Televisualist would just like to note that, since Torontoist discussed the sorry state of the Toronto Raptors, the Raptors have won two straight. Clearly, what was required in the locker room to reignite the team’s competitive spirit was the realization that we, as a website, take them very seriously indeed. You’re welcome, Raptors! (But still fire Bryan Colangelo, please.) Anyway, the Raps visit the Cleveland Cavaliers tonight, and given that the Cavs have been awful as well, this is potentially a winnable game. Then again, it’s a road game, and our two wins have been at home…. (TSN, 7 p.m.)

It’s the super-special live finale of The Voice where somebody wins and a lot of famous people and all the eliminated contestants show up and sing at you. Could be worse. (CTV, 8 p.m.)

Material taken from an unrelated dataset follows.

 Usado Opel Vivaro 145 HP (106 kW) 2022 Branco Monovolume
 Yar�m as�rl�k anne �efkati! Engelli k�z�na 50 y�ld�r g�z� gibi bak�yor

It’s the 2012 Miss Universe Pageant, for everyone who wishes it was still 1983 but with bigger numbers. (NBC, 8 p.m.)

Toddlers and Tiaras returns for a new season, because TLC’s philosophy re: Christmas is that they hate you and want you to be unhappy. (9 p.m.)

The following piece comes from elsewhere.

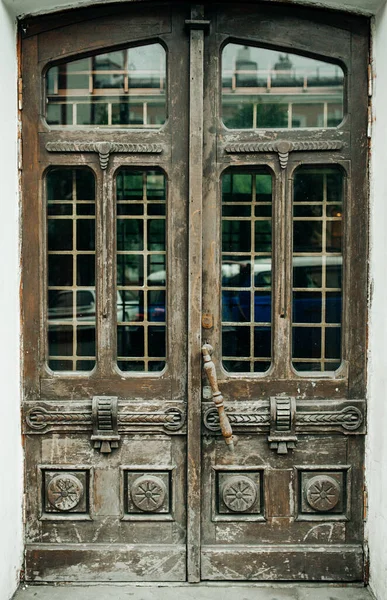 Старая Винтажная Деревянная Дверь Улице Атмосфера Античности Городской Архитектуры Вертикально — стоковое фото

New this week: Cheer Perfection (get it? Get the pun? On “sheer perfection”? Hilarity, we tells ya) is TLC’s new docu-series about competitive cheerleaders, their coaches, and their obsessive mothers. We give it four episodes before it makes us want to murder someone, which is the over/under for TLC these days. (10 p.m.)

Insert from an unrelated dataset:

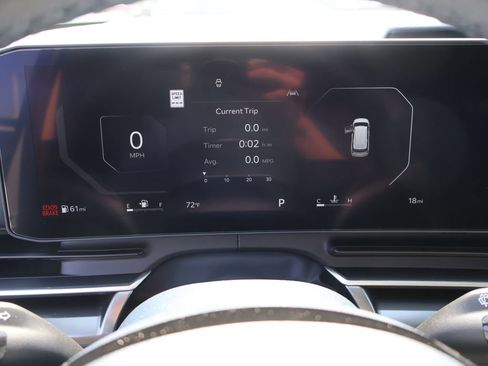 New 2026 Kia Carnival SX FWD image 28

This is about the right time of the season to watch Rudolph the Red-Nosed Reindeer: late enough that it isn’t offensively early like just after American Thanksgiving, but early enough that you aren’t so deeply in the Christmas spirit that you fail to realize that the moral of the special is basically “you are worthless until you are needed by authority.” (CBC, 8 p.m.)

A White House Christmas: First Families Remember is literally a special about former First Family members telling us all how they experienced Christmas while their husband/father/brother was the most powerful man in the world. We are not sure who the target audience for this show is. It probably includes Chuck Todd, though. (NBC, 8 p.m.)


The Simpsons rerun of the week: “Milhouse Doesn’t Live Here Anymore,” wherein Milhouse moves away and Bart has to be best friends with Lisa. “It won’t last; brothers and sisters are natural enemies. Like Englishmen and Scots, or Welshmen and Scots, or Japanese and Scots, or Scots and other Scots. Damn Scots! They ruined Scotland!” (OMNI.1, 6 p.m.)

The Weekend

In case you missed the approximately four billion advertisements for Rita MacNeil Presents: Men of the Deeps last year, it is being rerun! Because nothing says Christmas like singing coal miners, we guess. (CTV2, 8 p.m. Sunday)


  • Anonymous

    If the Canadian film industry can come up with better (and popular) movies that people enjoy instead of just being ‘artistic statements’ that only hipster film critics enjoy, then maybe movies like The Santa Clause might stop being made (there are no guarantees on that, however; people like what they like.) As for the CBC’s budget cuts; now you have an excuse to start seriously voting for the two progressive political parties instead of being blase about what party’s in power.

    • CaligulaJones

      “voting for the two progressive political parties”, i.e., splitting the vote again. Harper thanks you.

    • Anonymous

      The Canadian film industry comes up with plenty of good and enjoyable movies, but finding out about them and getting a chance to see them isn’t as easy as looking for a billboard or walking into the Paramount, because chances are you won’t see an ad or a listing. Advertising/marketing expenses aren’t covered by the various grants and funds our film industry has access to, but advertising is make-or-break for film. Without the perceived demand, theatres either just don’t carry our films or only carry them for limited runs. There are also other problems with the distribution industry (which is a near-monopoly, from what I’ve heard), which hesitates to pick up and promote a Canadian film unless there’s some way to tie it to a major foreign release, or use it to gain access to a foreign distribution.